Sobre Dios, la Iglesia y el Mundo. Fernando Ocáriz. Ed. Rialp
Monseñor Fernando Ocáriz (París,
1944) es profesor de Teología y consultor de diversos organismos de la Curia
Romana. Miembro de la Academia Pontificia de Teología, trabajó estrechamente
con Joseph Ratzinger. Desde enero de 2017 es Prelado
del Opus Dei.
Monseñor Fernando Ocáriz |
Este libro es el
resultado de una extensa y sugerente entrevista realizada por el
periodista Rafael Serrano, en la que responde con ponderación,
agudeza y rigor intelectual a cuestiones que preocupan a la opinión pública:
la defensa de los derechos humanos, relaciones entre la fe y la
razón, la libertad, el sentido del trabajo, la pobreza y la justicia social, la
crisis de la Iglesia, las vocaciones y la nueva evangelización, la prelatura
del Opus Dei, el ateísmo,…
Como indica el título del libro, son temas que afectan no sólo a la Iglesia, sino también a la sociedad civil. Cada una tiene su ámbito propio, pero están esencialmente entrelazadas.
Anoto algunas de las ideas que me han parecido más relevantes.
Fe, ciencia y razón
A su condición de
teólogo Ocáriz añade la de físico, lo que da singular autoridad a sus
apreciaciones sobre las relaciones entre la
fe y la razón, entre la teología y las ciencias naturales. “La
teología está más próxima a las inquietudes humanas que la física de partículas”,
afirma, refiriéndose a quienes (con poco conocimiento de la naturaleza humana)

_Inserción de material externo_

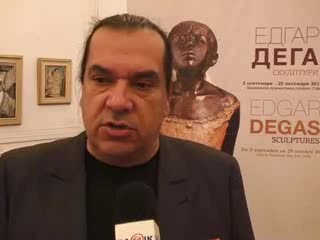 Скулптурите на Дега в София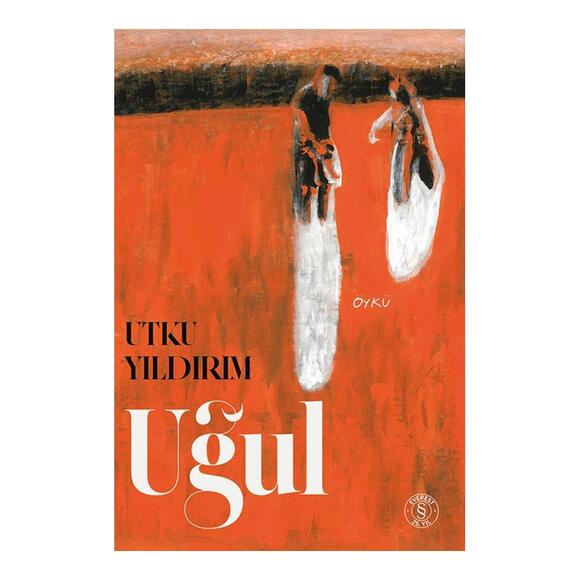 Uğul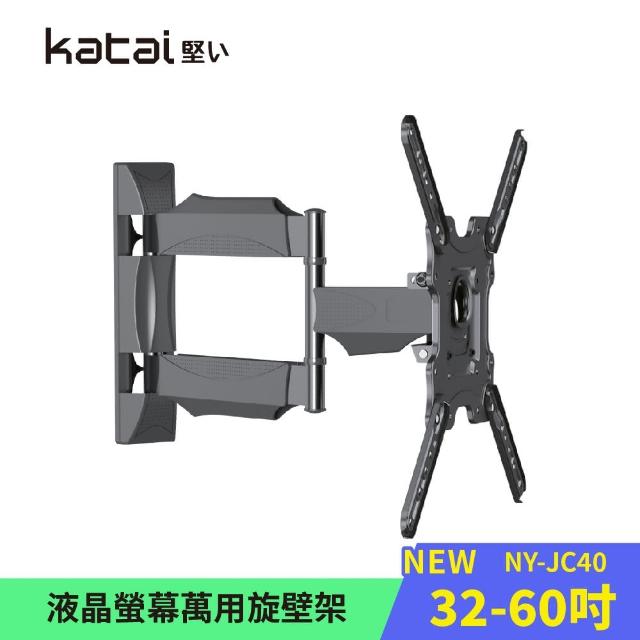 【Katai】32-60吋液晶螢幕萬用旋壁架(適用各品牌電視 NY-JC40)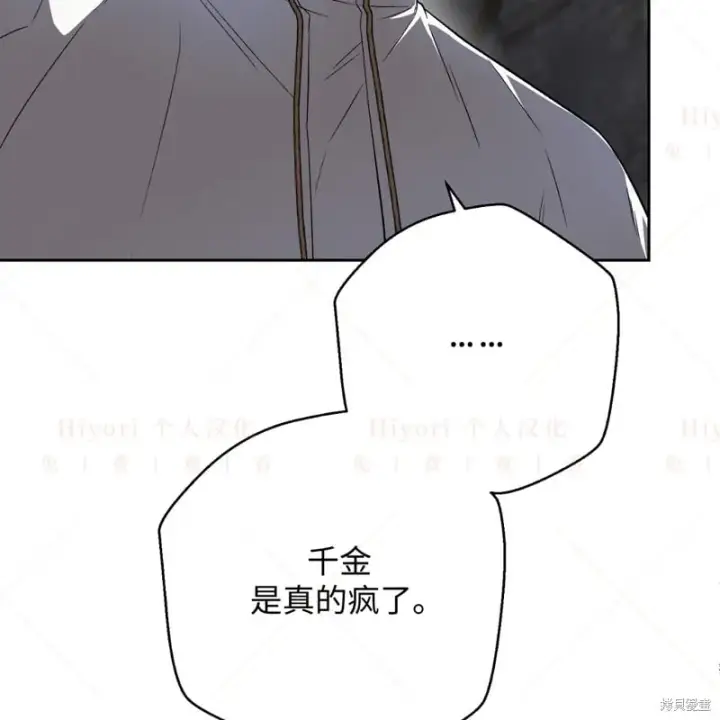 漫画《约翰爱蒂特》第16话第53张图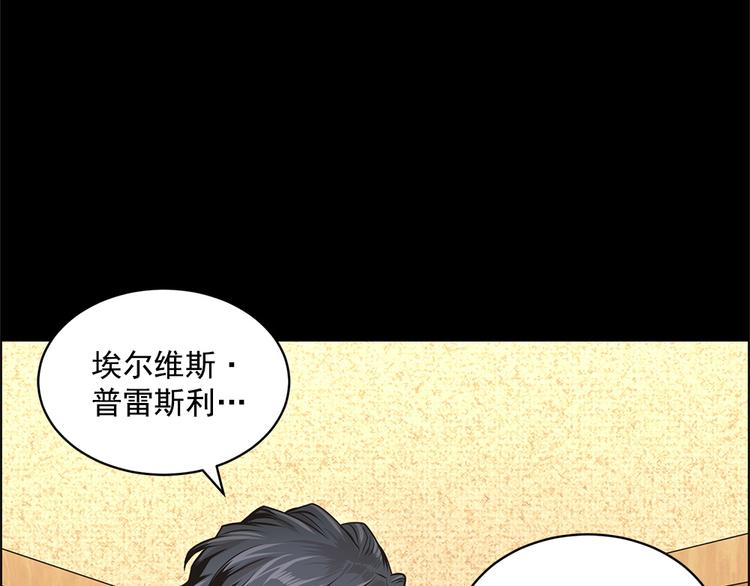 《甜蜜的她》第11话 第27页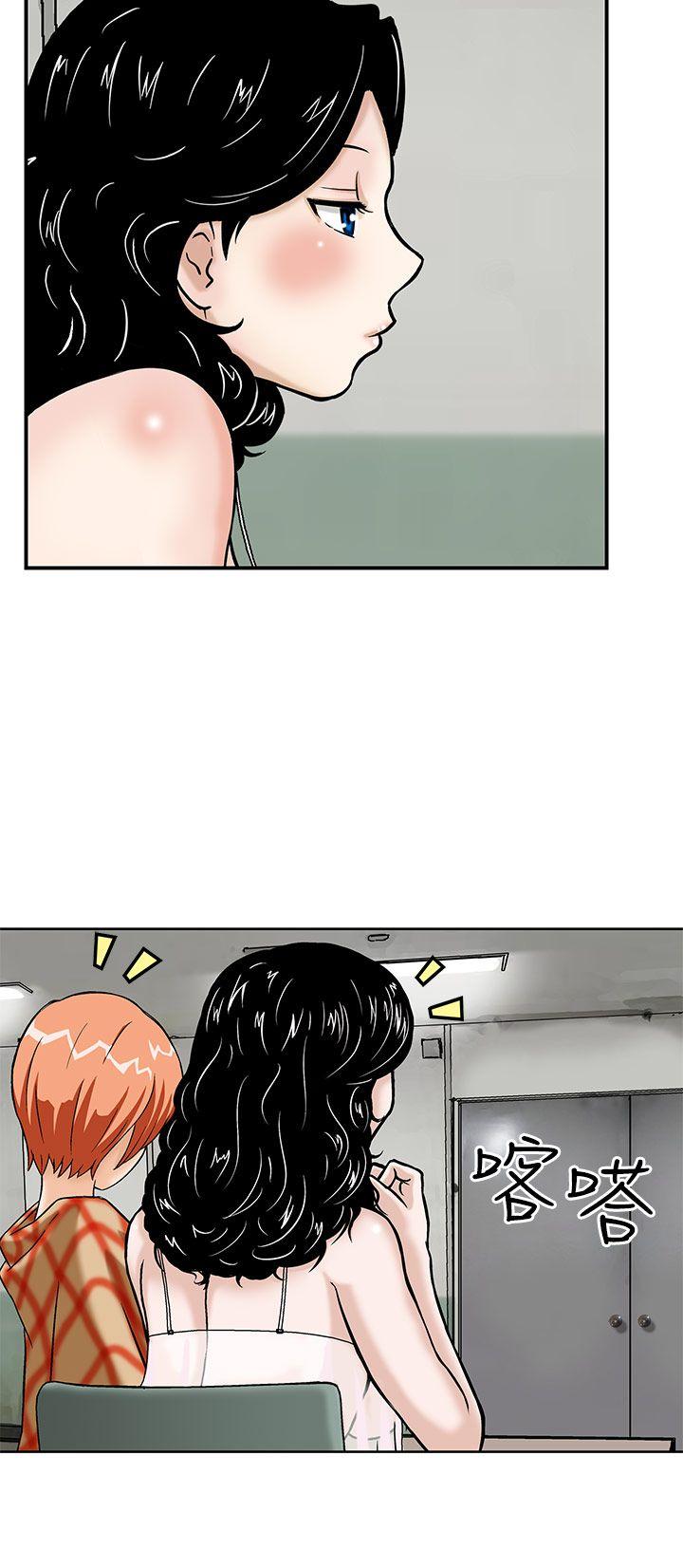 猪圈 第5話 第2页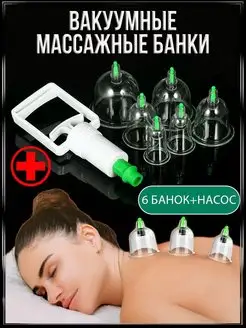 Набор вакуумных массажных банок, 6 шт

desprecian las cuestiones metafísicas y teológicas.
La física investiga
las propiedades de la materia y de la energía, pero el origen absoluto
de la realidad material está fuera de su alcance. La creación está
en otro nivel, al que sólo acceden la filosofía y la fe, cada una a su modo.
Pero los dos niveles comunican en la realidad misma y en la inteligencia del
creyente.
La creación es una
realidad actual y permanente, y no solo ni esencialmente un inicio temporal
absoluto. Ser criatura es la condición metafísica radical de todo lo que
existe, exceptuando a Dios. En las criaturas, existir es tener el ser
actualmente recibido del Ser absoluto que es Dios, con evolución o sin
ella.
La fe no sólo no se
opone a la razón, sino que exige una razón fuerte e incisiva. Así lo
afirma Juan Pablo II en Fides et ratio, n. 48: “Es
ilusorio pensar que la fe ante una razón débil tenga mayor incisividad: al
contrario, cae en el grave peligro de ser reducida a mito o superstición”. Como
escribió San Agustín, “todo el que cree, piensa. Porque la fe,
si lo que se cree no se piensa, es nula”: punto muy importante que resalta
la necesidad de una formación doctrinal sólida.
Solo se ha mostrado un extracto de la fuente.